TBS-Berater*innen Katja Köhler und Johannes Beckmann über Leiharbeit in Zeiten von Corona

Um die sozialen Auswirkungen der Corona-Krise abzufedern, hat die Bundesregierung das Kurzarbeitergeld auch für Leiharbeitskräfte zugänglich gemacht. Ein Tropfen auf dem heißen Stein. Ein Großteil von ihnen verdient deutlich weniger als die vergleichbare Stammbelegschaft und ist häufig in den unteren Entgeltgruppen eingruppiert. Dies wirkt sich bei Kurzarbeit besonders nachteilig aus, wenn Beschäftigte nur 60 bzw. 67% des Nettoentgelts erhalten.
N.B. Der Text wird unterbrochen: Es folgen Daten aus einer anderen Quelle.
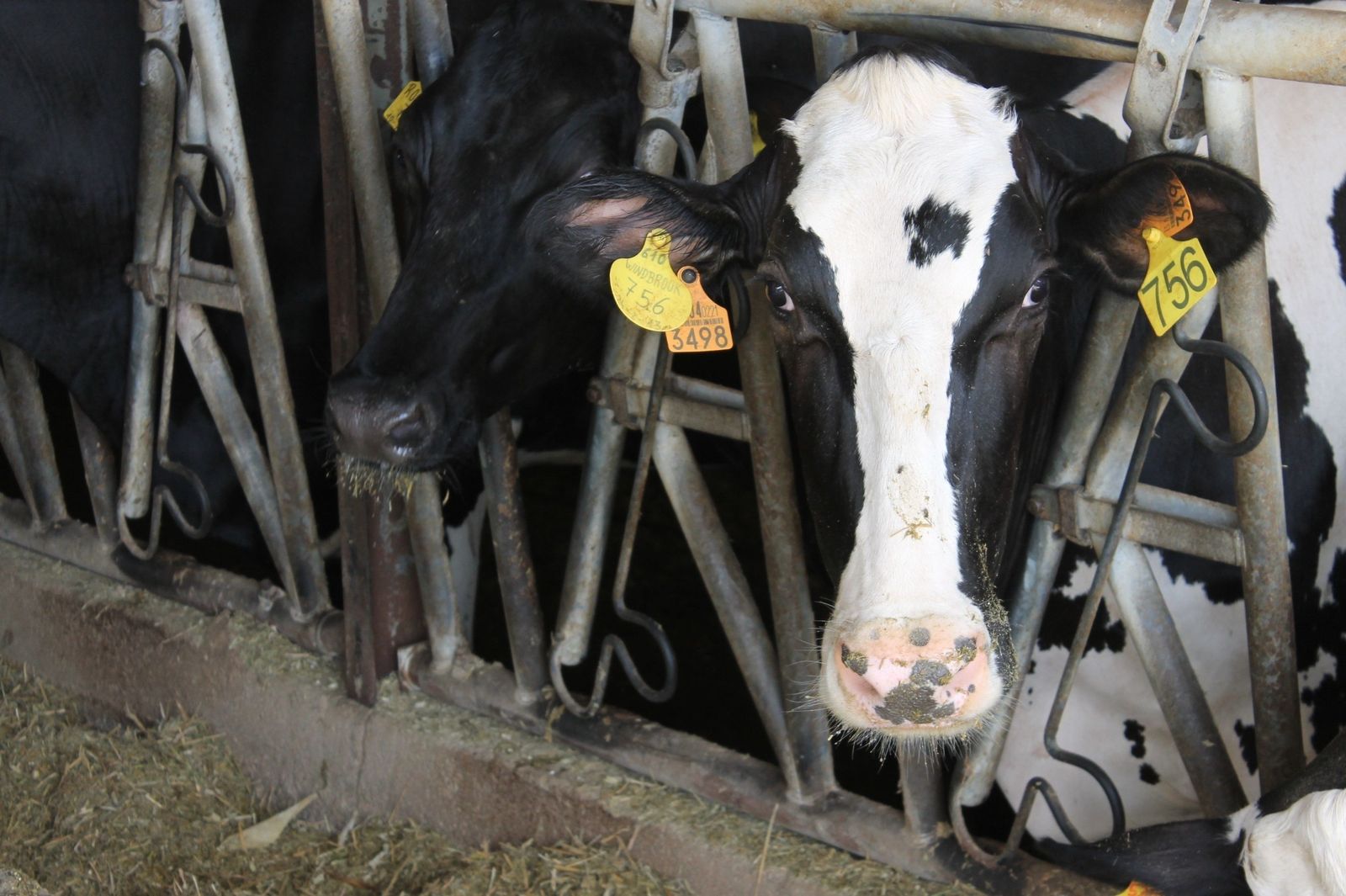 Los productores de leche dan un ultimátum: "Esto se para, salvo que muevan ficha"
Nicht selten wird eine Aufstockung durch das Jobcenter erforderlich – eine unsichtbare Risikogruppe.
Unterschiede zwischen den Arbeitsbedingungen von Stammbeschäftigten und Leiharbeitskräften äußern sich nicht nur finanziell, sondern auch in den Arbeitszeiten oder Tätigkeiten. Für unbeliebte Schichten oder Tätigkeiten werden in einigen Betrieben Leiharbeitskräfte eingesetzt.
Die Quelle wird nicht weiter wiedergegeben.